**Exercise brief**. In your copy, include every line of the listing below exactly but none of the pictures.

>>

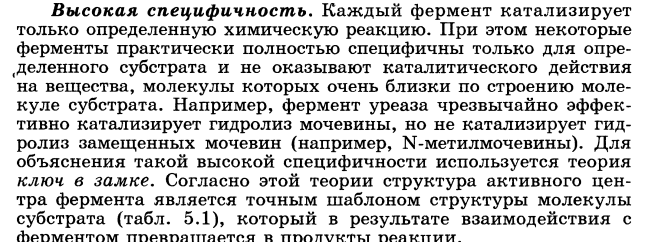 Элементы теории растворов электролитов. Сильные и слабые электролиты. Константы ионизации слабого электролита. Закон разбавления Оствальда. - student2.ru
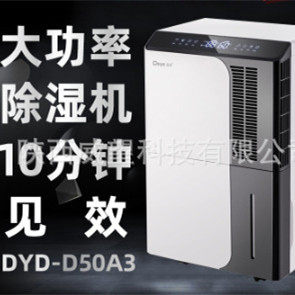 德业工业除湿机DYD-D50A3 除湿量50升/天适用面积50-100㎡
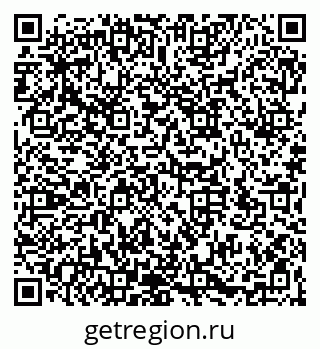 79066171747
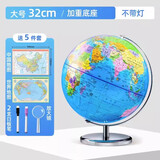 北斗AR地球仪3D立体学生用智能语音地理教学地球仪32cm大号文具套装教具初中生毕业礼物放大镜 32cm【无灯】+实心底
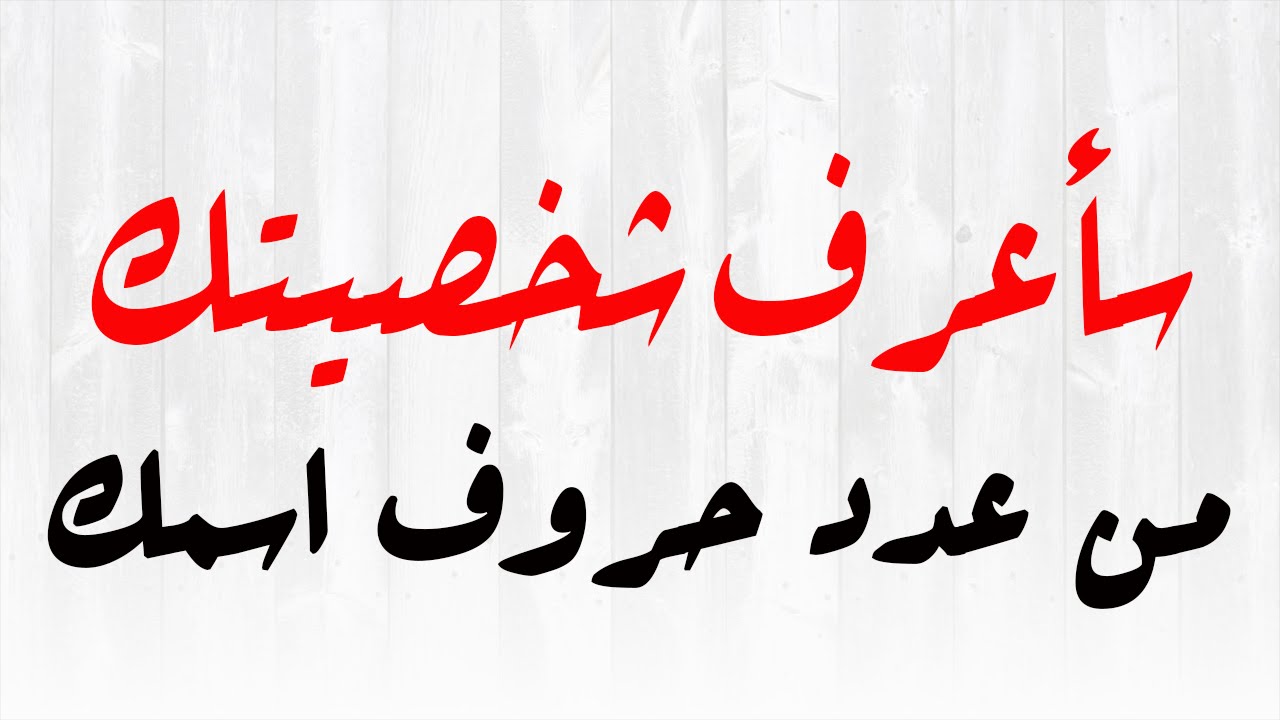 اختبر شخصيتك من اسمك - تعرف على صفاتك من اسمك 1786 1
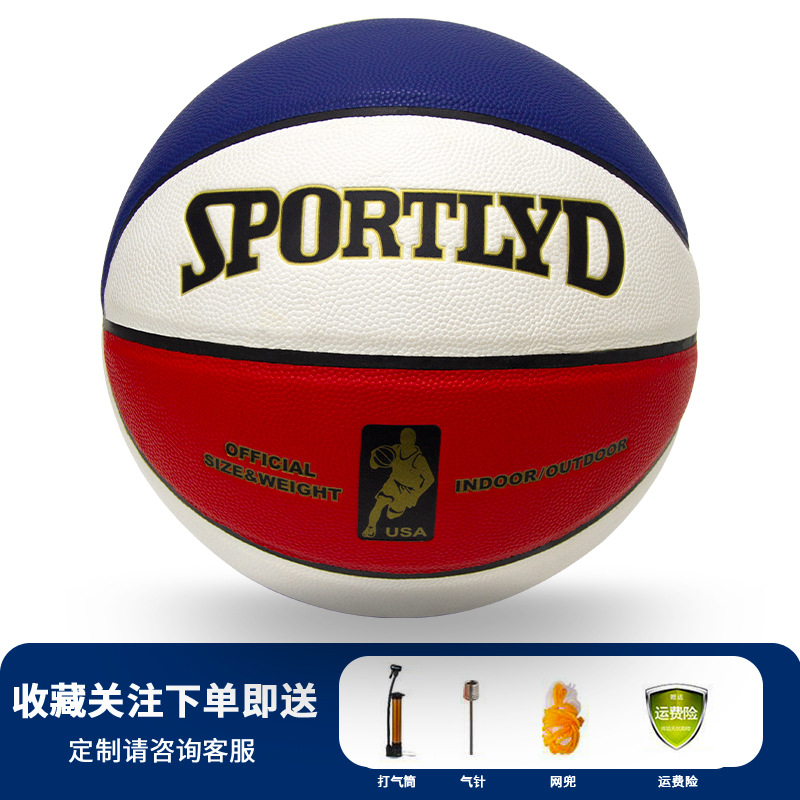 SP Золотой знак красный синий белый PU баскетбол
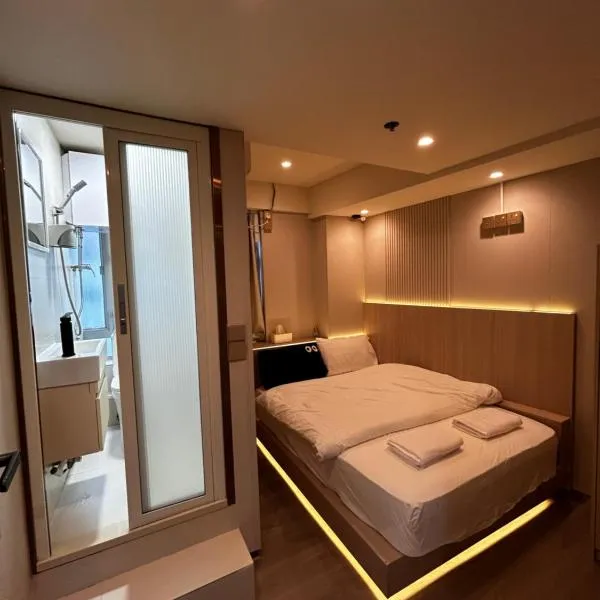香港智能居家旅館雙人入住首選, hotel v Hong Kongu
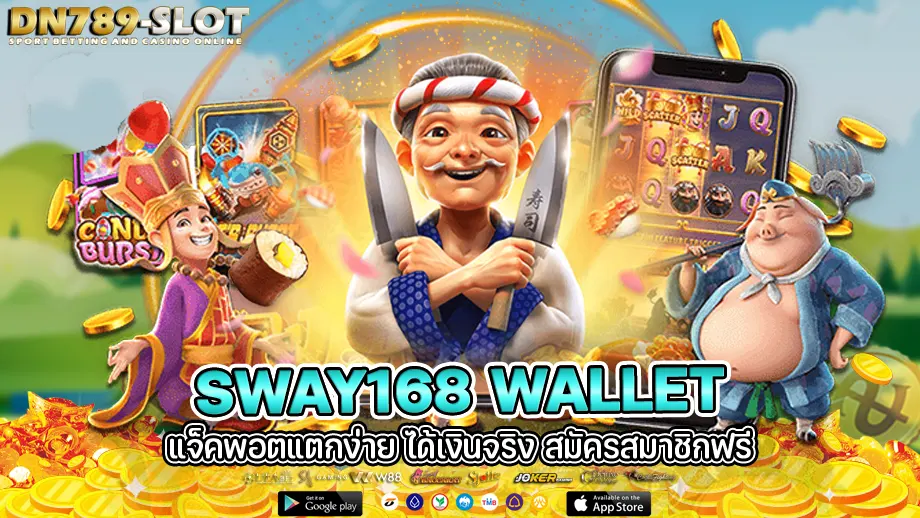 sway168 wallet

<<

**Result**.
 Элементы теории растворов электролитов. Сильные и слабые электролиты. Константы ионизации слабого электролита. Закон разбавления Оствальда. - student2.ru
 德业工业除湿机DYD-D50A3 除湿量50升/天适用面积50-100㎡
 79066171747
 北斗AR地球仪3D立体学生用智能语音地理教学地球仪32cm大号文具套装教具初中生毕业礼物放大镜 32cm【无灯】+实心底
 اختبر شخصيتك من اسمك - تعرف على صفاتك من اسمك 1786 1
 SP Золотой знак красный синий белый PU баскетбол
香港智能居家旅館雙人入住首選, hotel v Hong Kongu
 sway168 wallet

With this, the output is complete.